It looks like TinEye uses feature vectors with values for lots of attributes to do their comparison. If you hunt around on their site, you eventually get to the Ideé Labs page, and their FAQ has some (but not too many) specifics on the algorithm:
Q: How does visual search work?
A: Idée’s visual search technology uses sophisticated algorithms to analyze hundreds of image attributes such as colour, shape, texture, luminosity, complexity, objects, and regions.These attributes form a compact digital signature that describes the appearance of each image, and these signatures are calculated by and indexed by our software. When performing a visual search, these signatures are quickly compared by our search engine to return visually similar results.
This is by no means exhaustive (it's just a handful of techniques I've encountered in the course of my own research), but if you google for technical papers or look through proceedings of recent conferences on image processing, you're bound to find more methods for this stuff.
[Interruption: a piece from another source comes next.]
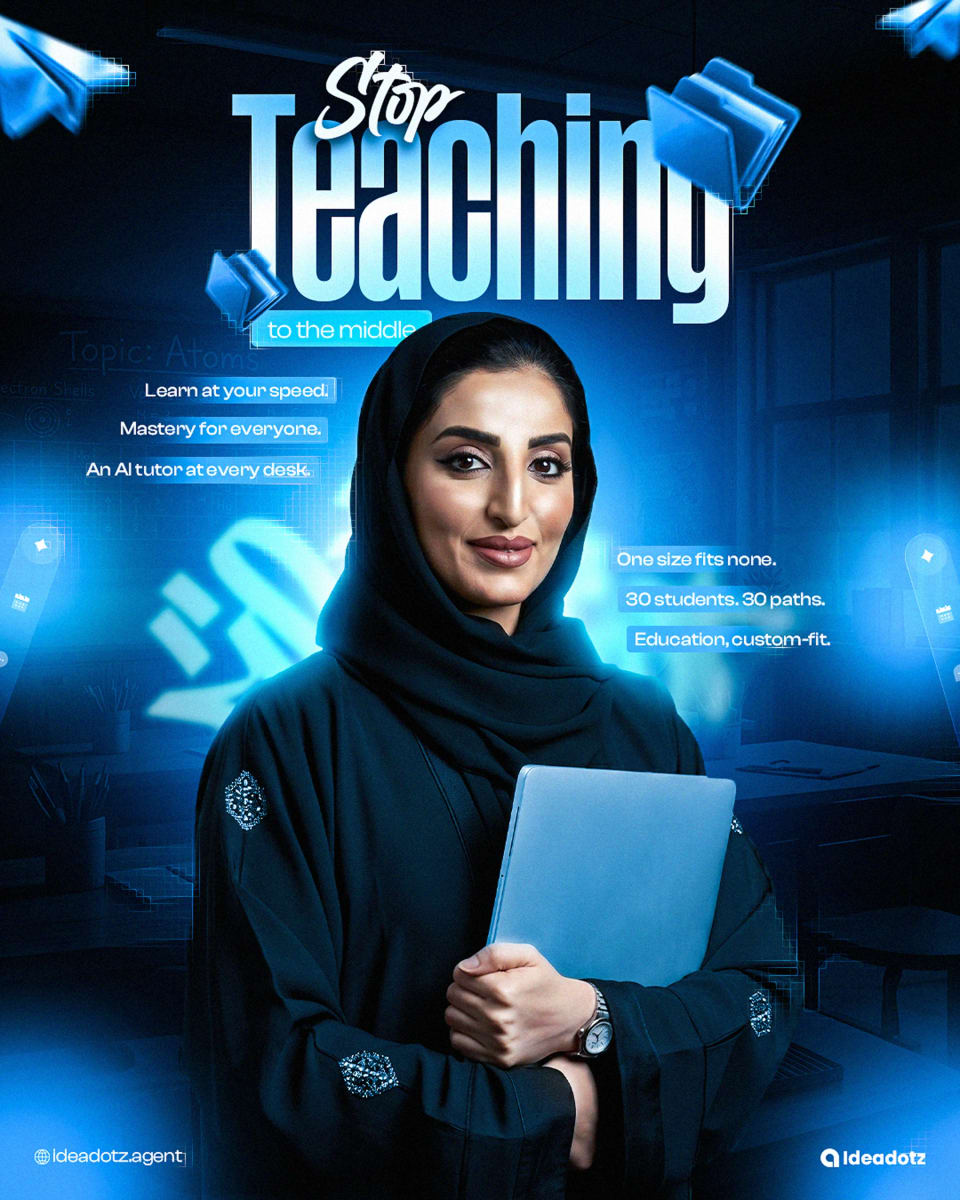 An educational technology poster featuring a woman in a hijab holding a laptop against a glowing blue background, with the headline "Stop Teaching to the middle" and text promoting an AI tutor at every desk.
It's not a solved problem, but hopefully these pointers will give you an idea of what's involved.
One technique is to use color histograms. You can use machine learning algorithms to find similar images based on the repesentation you use. For example, the commonly used k-means algorithm. I have seen other solutions trying to analyze the vertical and horizontal lines in the image after using edge detection. Texture analysis is also used.
A recent paper clustered images from picasa web. You can also try the clustering algorithm that I am working on.
Consider using lossy wavelet compression and comparing the highest relevance elements of the images.
What TinEye does is a sort of hashing over the image or parts of it (see their FAQ). It's probably not a real hash function since they want similar "hashes" for similar (or nearly identical) images. But all they need to do is comparing that hash and probably substrings of it, to know whether the images are similar/identical or whether one is contained in another.
Heres an image similarity page, but its for polygons. You could convert your image into a finite number of polygons based on color and shape, and run these algorithm on each of them.
here is some code i wrote, 4 years ago in java yikes that does image comparisons using histograms. dont look at any part of it other than buildHistograms()
maybe its helpful, atleast if you are using java
Correlation techniques will make a match jump out. If they're JPEGs you could compare the dominant coefficients for each 8x8 block and get a decent match. This isn't exactly correlation but it's based on a cosine transfore, so it's a first cousin.